Captioned web image data
>>>>
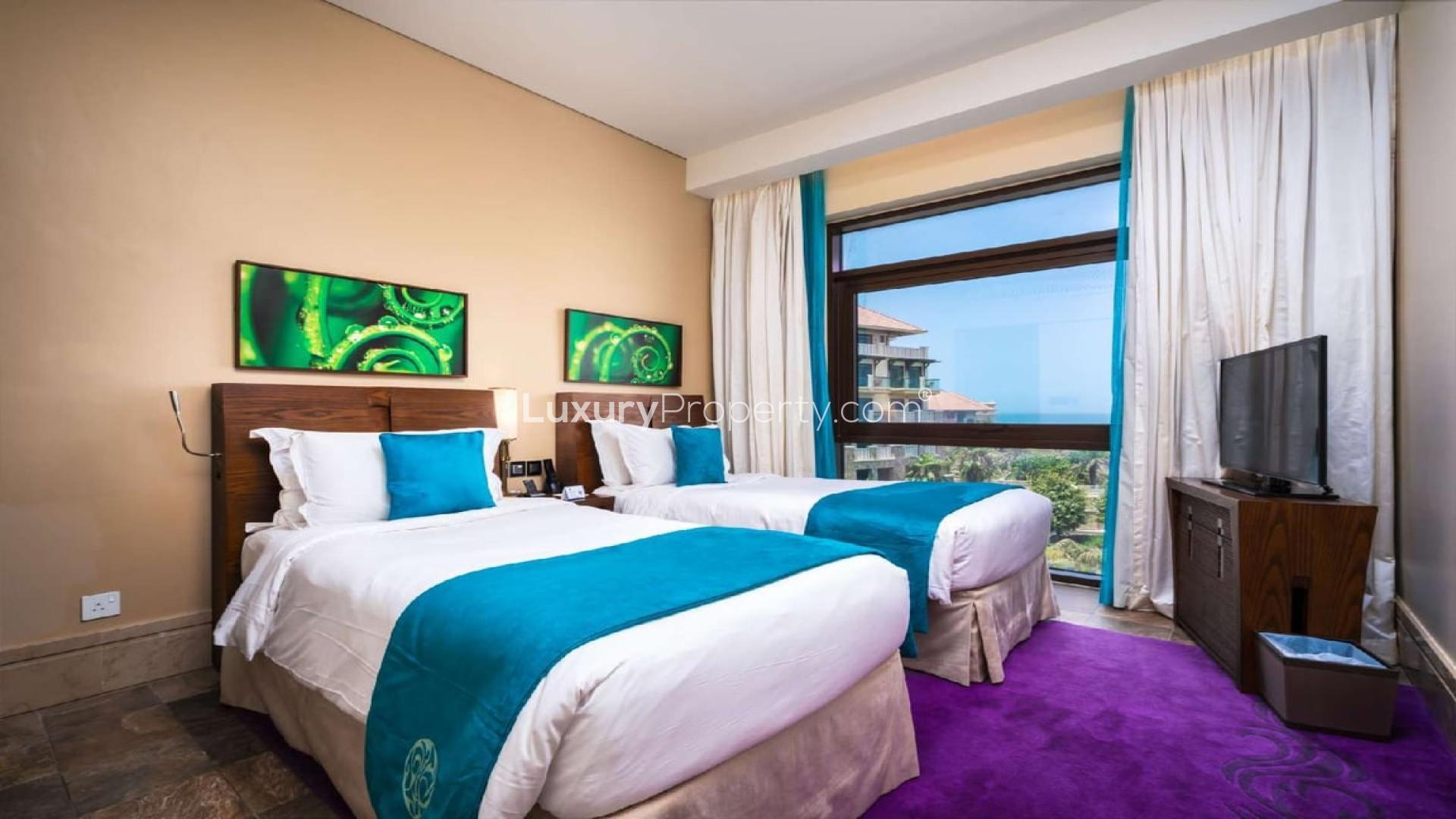 "Luxury bedroom in Sofitel Palm apartment, Palm Jumeirah, with twin beds and sea view.",N/A,Luxurious bathroom view in Sofitel The Palm, Palm Jumeirah serviced residence apartment
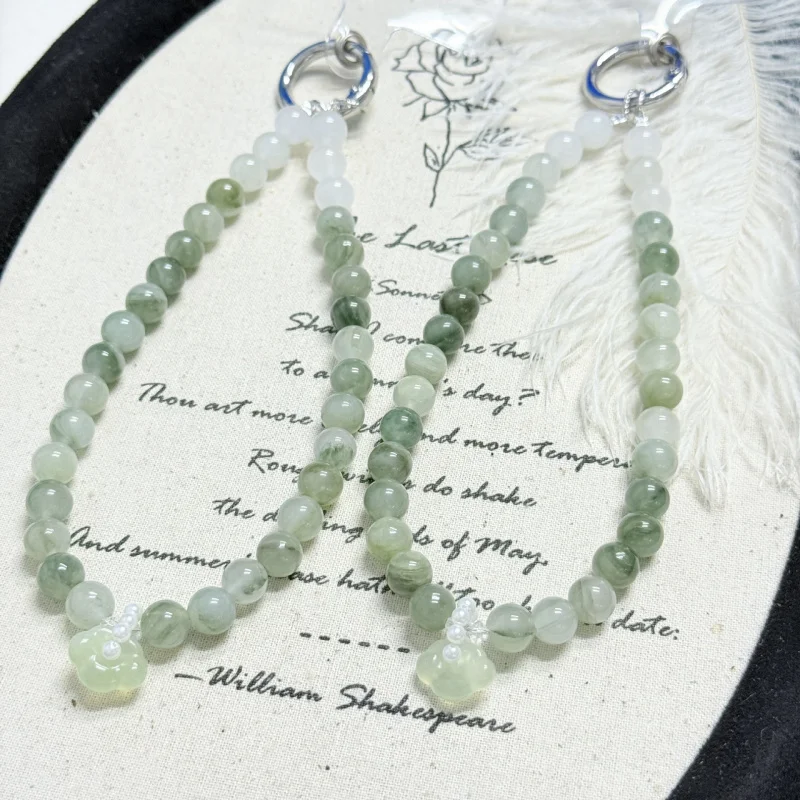 Natural Tianshan Jade Peace lock Carving Gradient Style Handmade Crystal Beaded Phone Case Pendant Keychain with Elegant Charm
Natural Tianshan Jade Peace lock Carving Gradient Style Handmade Crystal Beaded Phone Case Pendant Keychain with Elegant Charm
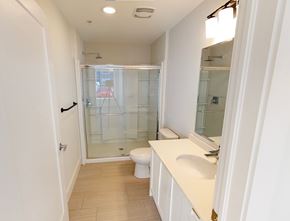 Dartmouth apartment for rent - A white bathroom with a toilet, sink, and shower.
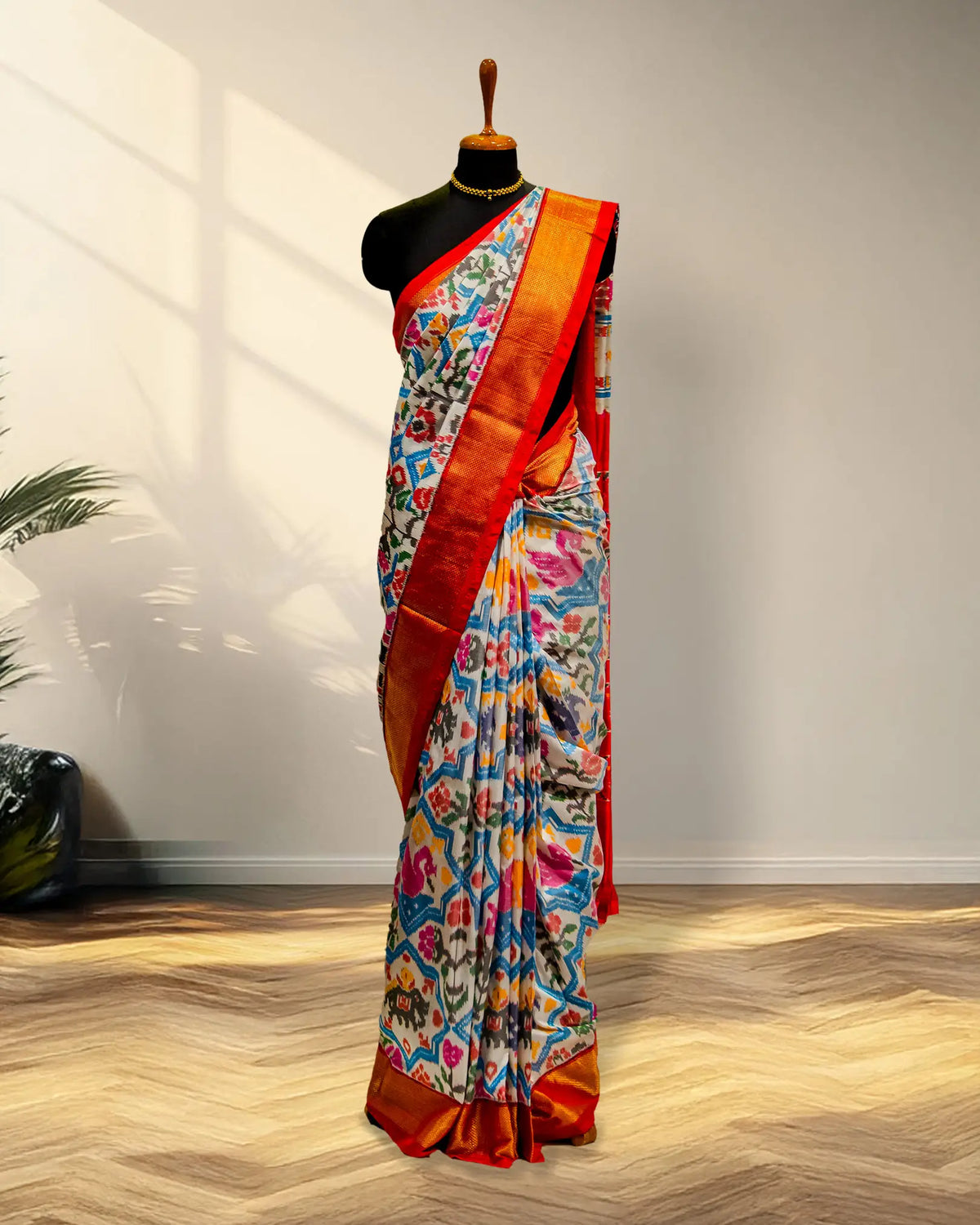 white and Golder Patola Saree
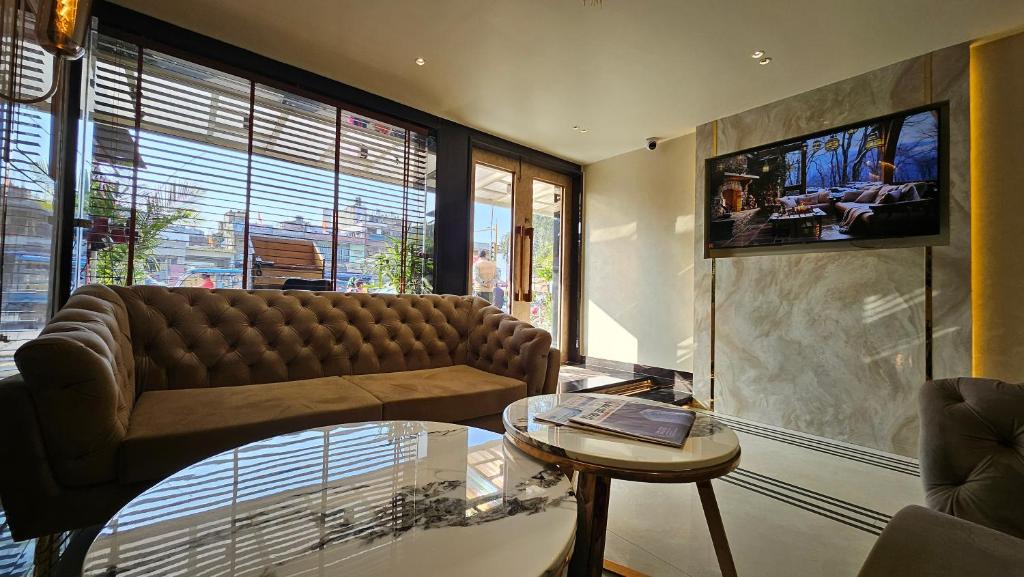 戈勒克布尔Ashoka Hotel的客厅配有沙发和桌子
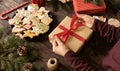 Beautifully arranged table in Christmas and New Year motives, traditionally shaped cookies and biscuits glazed in sugar icing with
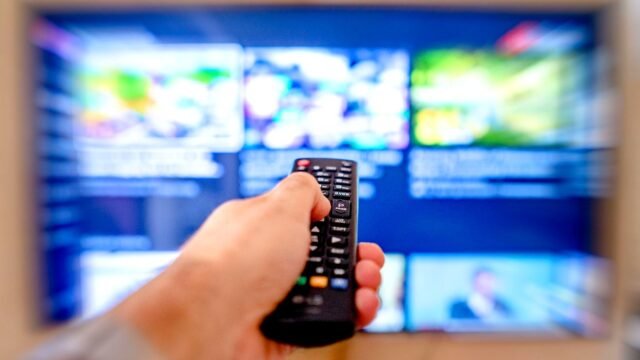 Hand holding remote control pointing at a blurred TV screen in a cozy indoor setting.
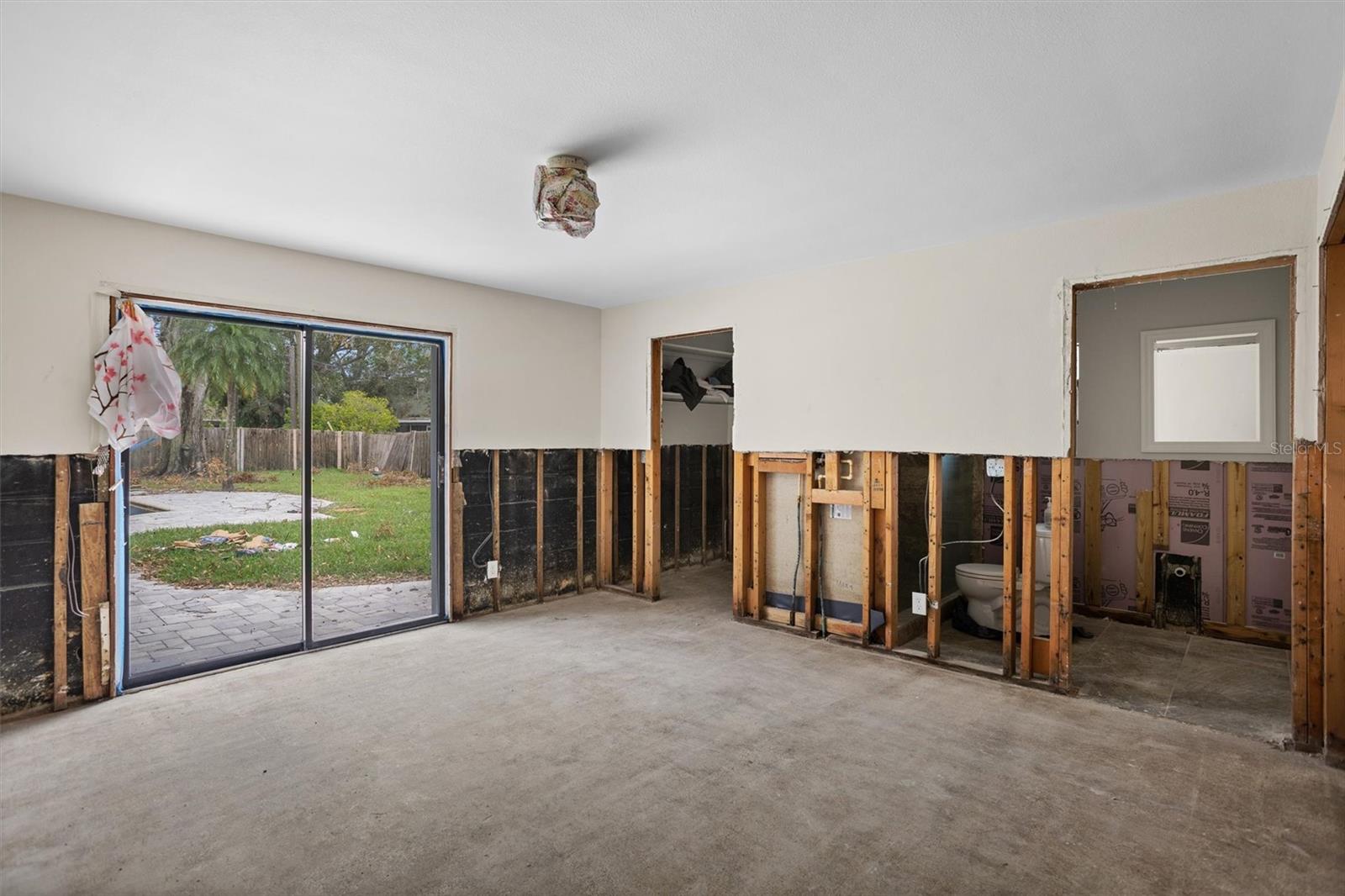 Primary Ensuite Bedroom with two reach-in closets and walk-in closet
<<<<
* [How to complete this task]:
From the first line of the records down through the line containing "Dartmouth apartment for", transcribe exactly those lines and no others, both ends kept, pictures dropped.

* [Response to the exercise]:
 "Luxury bedroom in Sofitel Palm apartment, Palm Jumeirah, with twin beds and sea view.",N/A,Luxurious bathroom view in Sofitel The Palm, Palm Jumeirah serviced residence apartment
 Natural Tianshan Jade Peace lock Carving Gradient Style Handmade Crystal Beaded Phone Case Pendant Keychain with Elegant Charm
Natural Tianshan Jade Peace lock Carving Gradient Style Handmade Crystal Beaded Phone Case Pendant Keychain with Elegant Charm
 Dartmouth apartment for rent - A white bathroom with a toilet, sink, and shower.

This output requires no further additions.